AirNZ Virgin Blue alliance- more to the story that first glance
I am a fan of AirNZ. I blog about AirNZ heaps, and 99% of the time it’s positive, if not downright glowing, feedback (just see my last post as an example!). But I think they got it wrong this time, and BIG TIME. Plus, I think there is something more to it – and it’s not about the trans-tasman route.
Anyway I read in the news when I was in Sydney on Monday that AIrNZ proposes an alliance with Virgin-Blue on the trans-tasman. In fact if I was more precise I would say AirNZ are going to seek regulatory approval for an alliance. And there is a subtle, but important, difference as this article points out (ie it needs approval to go ahead).
Anyway, I think its mostly a bad idea and here’s why:
Summary Table: How it effects everyone, pros/cons and who wins (if anyone).
|Issue/Result||For AIrNZ Customers||For Virgin Blue Customers||For AIrNZ (the Airline)||For Virgin Blue (the Airline)|
Single booking NZ to OZ and onto another OZ destination
None (since it doesn’t connect with Pacific Blue in NZ).
Hardly any Virgin Blue customers will be NZ based.
|Useful for marketing, and means finally NZ has ability to onward connect within Australia.||Good. Means AirNZ customers end up using Virgin more in the OZ leg. Increases yield in OZ.|
Single Booking OZ to NZ and onto another NZ destination
|None (see up a cell and right one cell)||
(but slightly more common than the reverse combination)
|Good. Means Virgin customers end up doing NZ flights on AIrNZ not Pacific Blue (ie higher yield). Also more or less stops Pacific Blue expanding into too many regional centers (as they would end up competing with their own co-share flights)||Not sure here. If we count Virgin Blue and Pacific Blue together I think its a BAD idea. They lose all the connections in NZ to their sister airline (presume you could book thru Virgin Blue to Pacific Blue at present?). They only gain on the smaller regional routes, but that would be WAY less common (and hence less valuable).|
|Frequency of flights
If you don’t care what airline you fly on, overall might be better frequency of flights (ie good).
If you DO care what airline you fly on their will be less flights per airline (ie BAD) – see note 1
Either way there will be less competition. This is BAD for us all (regardless of what AirNZ says).
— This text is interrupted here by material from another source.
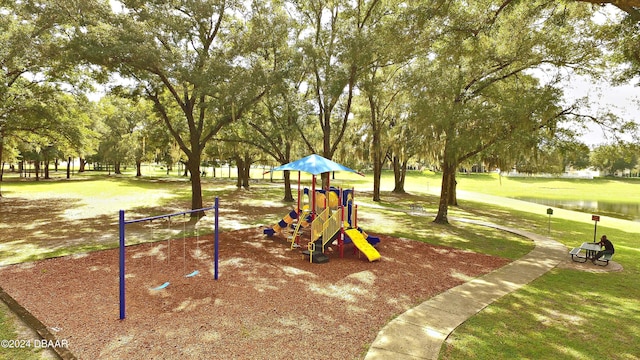 view of jungle gym with a lawn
|Quite good actually. Strengthens their position by being able to drop some flights but keep a full (even enhanced) schedule.||As per AirNZ but even better (since Virgin have less flights at present, they will in effect increase their schedule more).|
Short term – nothing will change
Long term – reduced competition is never good for price.
See note 2
|Good. Lower flights, higher yield, and eventuality all this at a higher price too!|
|Effect on JetStar (and Qantas)||I think Qantas execs are thinking “Oh, shit”. Jetstar is thinking … no wait, Jetstar doesn’t think|
1) This is a BIGGIE for many. I CHOOSE to fly AirNZ. I choose to do this for a number of reasons, mostly because they actually do a better job than other airlines on a whole bunch of fronts. So why would I CHOOSE to fly Pacific Blue when I could fly AirNZ? I wouldn’t. Not at a similar price point at least (and AirNZ have proven consistently they will compete on price when needed). So for me flights go DOWN. Sure I could choose a Virgin Blue co-share flight, but I can get 99% of that now by just booking direct with Virgin. In fact I can get 99% of that by booking with whatever airline I want. Sure I don’t get airpoints, or lounge access, but if that was important to me I would have booked AirNZ anyway.
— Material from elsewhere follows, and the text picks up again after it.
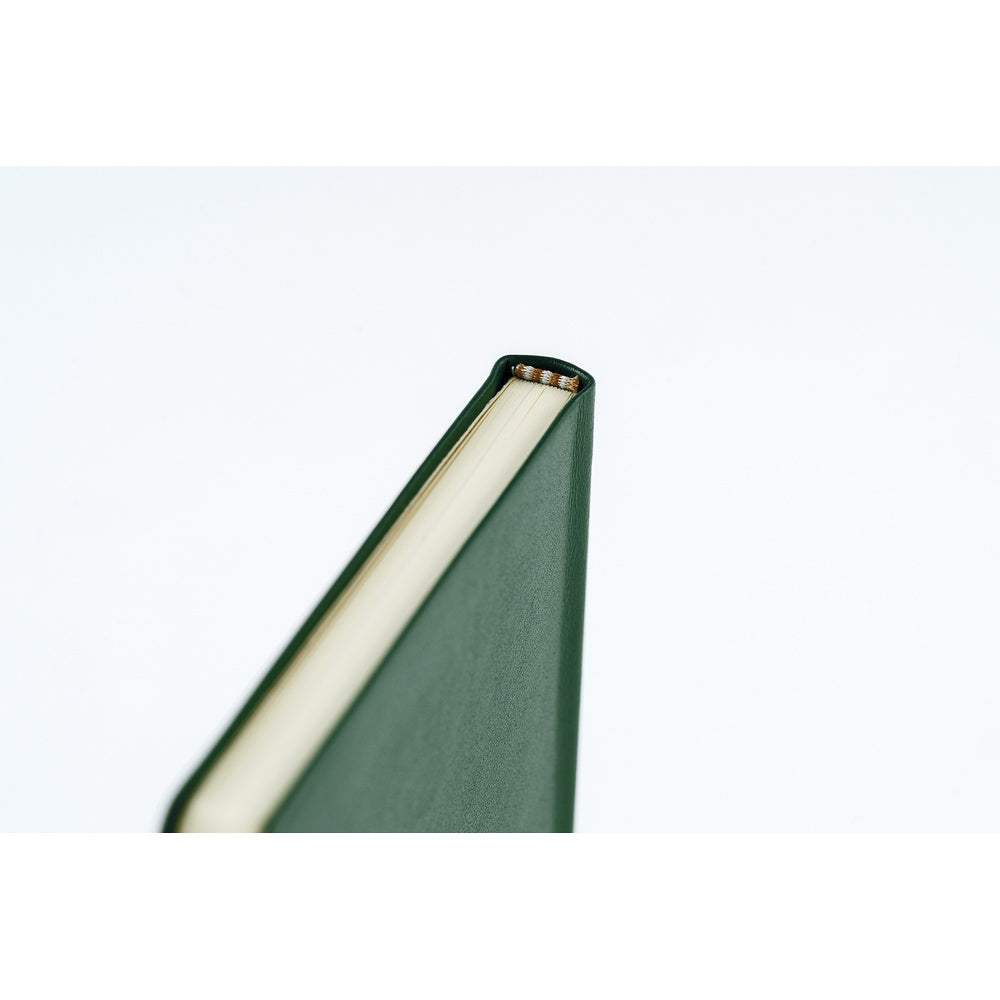 A close-up shot showing the top of a planner bound in dark green leather.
I think blogger Lance Wiggs summed it just nicely with his paragraph in his recent post:
So please Air New Zealand focus instead on out-competing Virgin Blue, and beat them in on the web, in the airfields, and with ever growing strength and confidence in the air.
And never surrender to code sharing on your most important local routes.
Black and White Version: AirNZ/Virgin Blue alliance is (overall) bad for the consumer, but partly-good for Airlines is still bad. Plus AIrNZ can beat any airline in its own backyard, so why?
Update: The more I think about it, the more this just doesn’t add up. On the surface this is a WAY bigger win for Virgin than it is for AirNZ. That’s because I would estimate 99% of AirNZ customers flights to OZ are to a major city (so they don’t need regional connections in OZ). NZ is more tourist based, so I figure this number may be a tad lower BUT still 90%+. So why do it? I think there is more to it than just fixing up the trans-tasman. This is about stopping competition internally in NZ. With this deal there is now little incentive for Pacific Blue to expand to regional routes. I think that’s the real driver here. I HOPE that the Commerce Comission in NZ looks at this VERY closely.